A few of my readers are aware that I was recently asked whether I had any interest in buying “the farm” now that my Grandmother has passed away and it must be sold. To be honest, I wasn’t expecting that question. I always imagined that either my Dad or one of his brothers would live there, but apparently that is not to be the case. Seeing as I’m currently living there now, I guess I was the next logical person on the list to ask.
My initial response was that I would be interested in knowing more… I didn’t want to commit to anything, but there is a part of me that would love to be out there. It’s a beautiful spot, and I love that. But when I learned that the property would be sold through a probate court, that dampened my enthusiasm a bit. Rather than the property being sold by the family, a court appointed facilitator will handle the assessment and sale. I don’t think that I could afford to pay fair market value, and commute back and forth to work and to see my kids. It would just be too much. It would be great if I was retired. (oh, for so many reasons, it would be great) But in my current situation, it just doesn’t make any sense. So I’ve told my uncle that I would still be interested in knowing what that price would be… but that chances are I would not be in a position to purchase it.
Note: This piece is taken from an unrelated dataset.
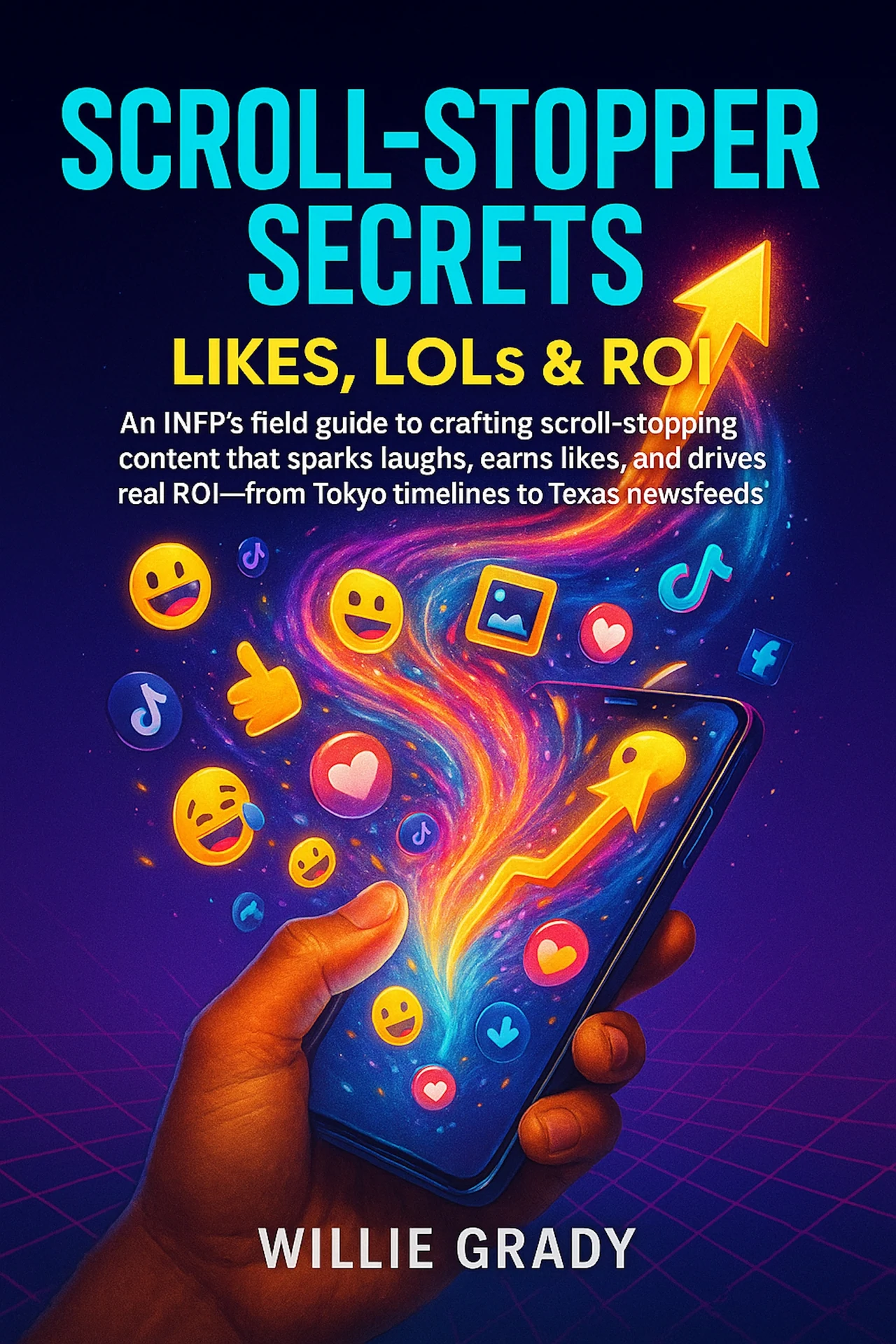 Front cover of Scroll-Stopper Secrets: Likes, LOLs & ROI by Willie Grady: a hand holding a phone on a deep blue and purple background, with a bright swirl of emoji, heart and social-app icons and a yellow upward arrow rising from the screen.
I think that I will stick with my original plan, which was to start looking seriously for another place in the late spring / early summer timeframe. That gives me a few more months to set some money aside, and work out some personal details. In the meantime I will start packing up some of the loose items. I would imagine that people are going to start frequenting the property to go through my Grandmother’s belongings, and I’d rather not have my mess of things in the way. Not to mention that it really cuts into my sleeping schedule!